I mean, Joanna’s personal backstory is also doled out through those alternating chapters, but that’s the gist of it. Cryosleep to avoid disaster, wake up to completely different disaster. So… obviously she’s going to meet other survivors. For one thing, there’s no reason to believe all the bunkers were destroyed just because hers was. But, insofar as this is the first book in a series, I was looking for less exposition and relationships and stuff, more raw survival and maybe mystery solving.[1]

What I got was… about half a book of those alternating backstory chapters, enough to get me well and truly tired of them. Then, just as the book I was looking for got started, the back 40% of it was instead chock full of people again, already. Ugh. It’s not that the story Rivet wrote was bad, it just was not at all what I wanted. Put a different way [that overstates the case of what this book actually is], I’d like to read these YA books and have them be less about Team Jacob versus Team Edward and more about Team Bella.

Anyway, if the second book is available at the Kindle lending library, I’ll borrow it eventually as I did this one. If it is not, I’m pretty sure I will neither buy nor download it. So… yeah.

[1] After all, just because the scientists believed it would be an extinction level event doesn’t mean it definitely would be. 99.999% death rate, we’d still bounce back[2].
[2] …well, maybe not bounce.

Blind Fury

As I probably mentioned the last time I read one of these, I bought a bunch of really cheap books, including really cheap series of books, on my Kindle over the past year and change. A fact about books that come in 6 to 8 volumes for $2-3 is that they’re likely, especially in the apocalyptic fiction subgenre, to be the kind of propulsive book that expects and nearly demands that you read the whole thing in about seventeen minutes without pausing for breath.

This unfortunately does not interact well with me using them as a “well, you only have your phone with you, this is your safety net” book and taking a good eight months to read one of them. What’s worse is, they’re really all just one long book, and the division markers are pretty arbitrary. Cliffhanger, maybe, but there’s no apparent thematic or character arc rationale for the splits between books. Of course, if I’d waited to read the whole thing before writing a review, that probably would have been a worse choice? Hard to know.

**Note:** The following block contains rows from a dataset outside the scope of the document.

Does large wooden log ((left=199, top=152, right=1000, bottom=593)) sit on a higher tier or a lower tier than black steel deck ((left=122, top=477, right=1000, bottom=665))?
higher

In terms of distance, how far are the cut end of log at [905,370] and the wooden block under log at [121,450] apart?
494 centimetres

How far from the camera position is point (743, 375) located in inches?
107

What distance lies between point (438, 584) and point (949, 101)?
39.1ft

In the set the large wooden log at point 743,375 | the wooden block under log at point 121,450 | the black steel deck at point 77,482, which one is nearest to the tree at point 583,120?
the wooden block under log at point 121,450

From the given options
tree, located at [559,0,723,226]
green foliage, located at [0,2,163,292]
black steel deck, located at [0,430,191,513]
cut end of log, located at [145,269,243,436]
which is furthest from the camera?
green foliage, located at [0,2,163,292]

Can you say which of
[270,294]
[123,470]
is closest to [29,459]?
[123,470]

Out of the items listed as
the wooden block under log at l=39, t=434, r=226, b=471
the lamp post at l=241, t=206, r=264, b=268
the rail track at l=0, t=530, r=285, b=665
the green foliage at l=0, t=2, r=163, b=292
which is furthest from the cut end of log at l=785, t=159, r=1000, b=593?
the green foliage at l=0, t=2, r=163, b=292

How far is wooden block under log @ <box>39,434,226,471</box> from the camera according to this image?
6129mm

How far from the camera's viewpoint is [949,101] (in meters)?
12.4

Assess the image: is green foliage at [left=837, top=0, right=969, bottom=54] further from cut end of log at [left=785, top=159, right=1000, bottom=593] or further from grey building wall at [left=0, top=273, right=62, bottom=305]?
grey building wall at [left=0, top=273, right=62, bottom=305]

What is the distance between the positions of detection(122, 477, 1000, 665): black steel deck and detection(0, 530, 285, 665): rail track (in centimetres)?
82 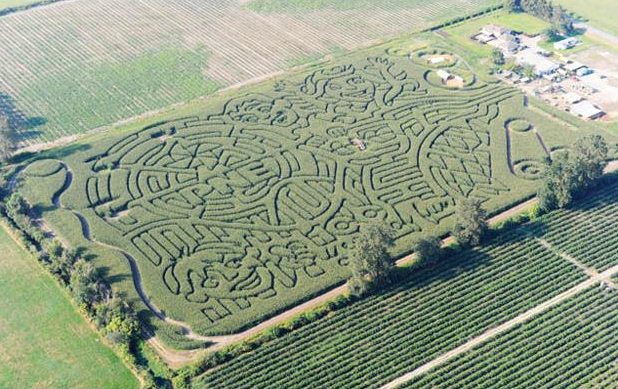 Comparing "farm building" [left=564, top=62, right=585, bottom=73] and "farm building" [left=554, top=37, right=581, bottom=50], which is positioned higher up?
"farm building" [left=554, top=37, right=581, bottom=50]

Anyway, Blind Fury starts out with the world (or at least Denmark’s slice of it) not quite collapsed and depopulated, but certainly on its way. The main tensions of the story are a) keeping the pregnant lady alive, while b) pushing the immune characters closer together so they can band up to [insert future plot here] but also c) dodging the shadowy and probably evil government agents who want to dissect them to save the world. As if that weren’t enough, there’s also a Renfield[1] who is either in contact with the precipitating force that put the crack in the sky that turns people into blind rage zombies, or is schizophrenic, or most likely both.

Yay, apocalypse!

[1] You know, the crazy dude who serves the bad guy(s)

Blind Rage

Since October, I have been buying cheap (or often free) Kindle books. Like, 99c for seven books kind of thing. I’ve spent maybe $30, and increased my digital library by hundreds of titles. Are most of them garbage? Okay, probably. But it gives me something to read when I don’t have anything but my phone handy.

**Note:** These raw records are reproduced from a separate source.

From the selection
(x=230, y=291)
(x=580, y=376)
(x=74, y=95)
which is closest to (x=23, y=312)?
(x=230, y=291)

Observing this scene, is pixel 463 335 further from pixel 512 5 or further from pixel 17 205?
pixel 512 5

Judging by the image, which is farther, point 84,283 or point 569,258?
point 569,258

The first of these books that I’ve actually read is Blind Rage, the first volume of an eight book series called Under the Breaking Sky. It steals heavily from Cell, and is otherwise about what you’d expect out of a not quite zombified airport thriller. Set in Denmark and with maybe five or so main characters, it tells the story of the day a weird hole appeared in the sky that causes anyone who looks at it to go blind and enraged, such that they hunt down anyone they can hear, to rip them apart or bash them to pieces. (But not each other.) Then the thing in the sky goes away, until it comes back again 12 hours later. And again. And again.

So, I lied earlier though. A small percentage of the population is unaffected. Most of the main characters are this type, and the book (and probably the series) is entirely about them trying to stay alive, and maybe eventually trying to figure out how this is even happening? Beats me, and I’m not holding my breath. It’s an apocalypse, I’m just along for the ride.